WHAT IS REQUIRED | An exact copy of the records is needed; please leave the images out.

AVAILABLE DATA |
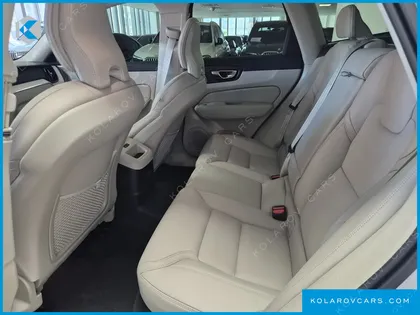 VOLVO XC60 T8 ULTRA BRIGHT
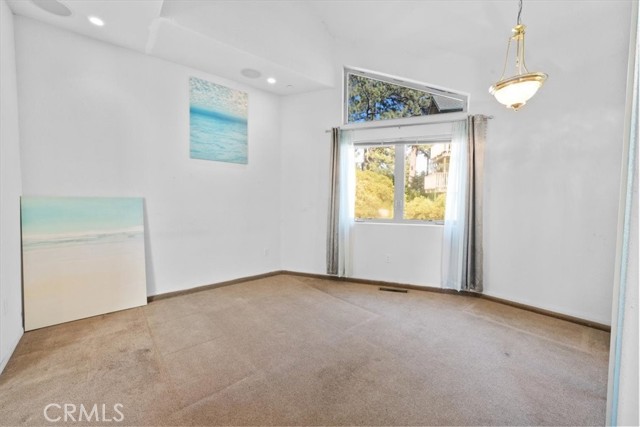 38512 North Shore Drive, Fawnskin CA: https://media.crmls.org/medias/e29bde93-79ff-44a6-94a4-7dc93399c2a4.jpg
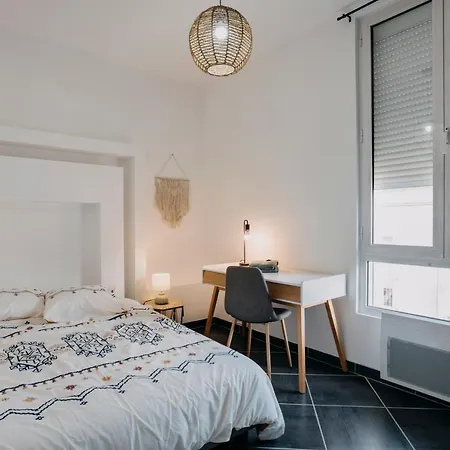 Coeur De #b2 - Centre Ville, Wifi & Netflix - Proche Transports - Privee Dans Partage *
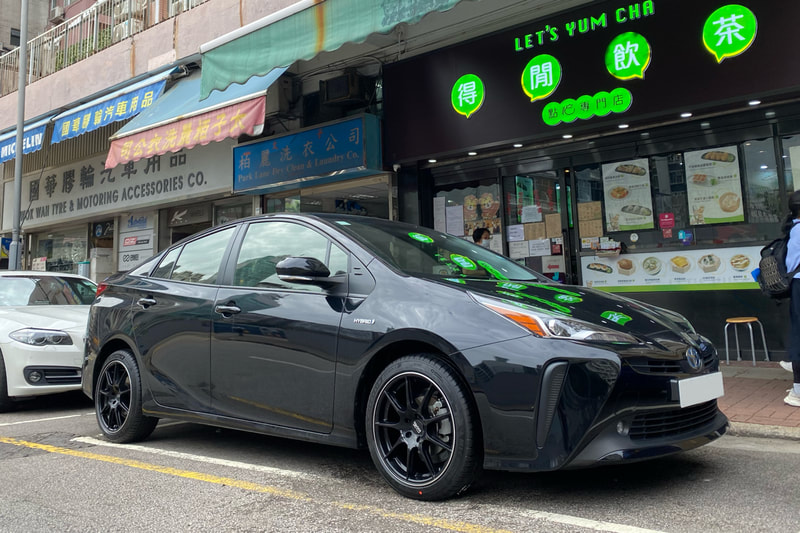 Toyota Prius and OZ Racing Veloce GT Wheels and Michelin Pilot Sport 4 tyre and 輪胎店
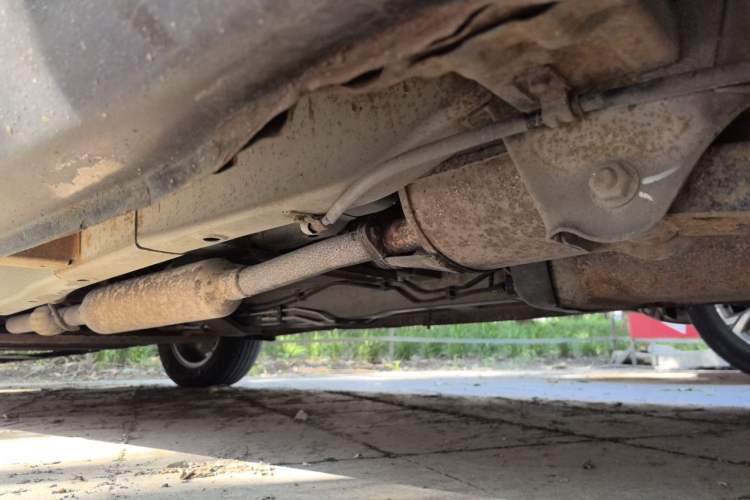 Used Wuling Hongguang 2014 1.5L S Standard Version Chassis Rear Left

ANSWER BOX |
 VOLVO XC60 T8 ULTRA BRIGHT
 38512 North Shore Drive, Fawnskin CA: https://media.crmls.org/medias/e29bde93-79ff-44a6-94a4-7dc93399c2a4.jpg
 Coeur De #b2 - Centre Ville, Wifi & Netflix - Proche Transports - Privee Dans Partage *
 Toyota Prius and OZ Racing Veloce GT Wheels and Michelin Pilot Sport 4 tyre and 輪胎店
 Used Wuling Hongguang 2014 1.5L S Standard Version Chassis Rear Left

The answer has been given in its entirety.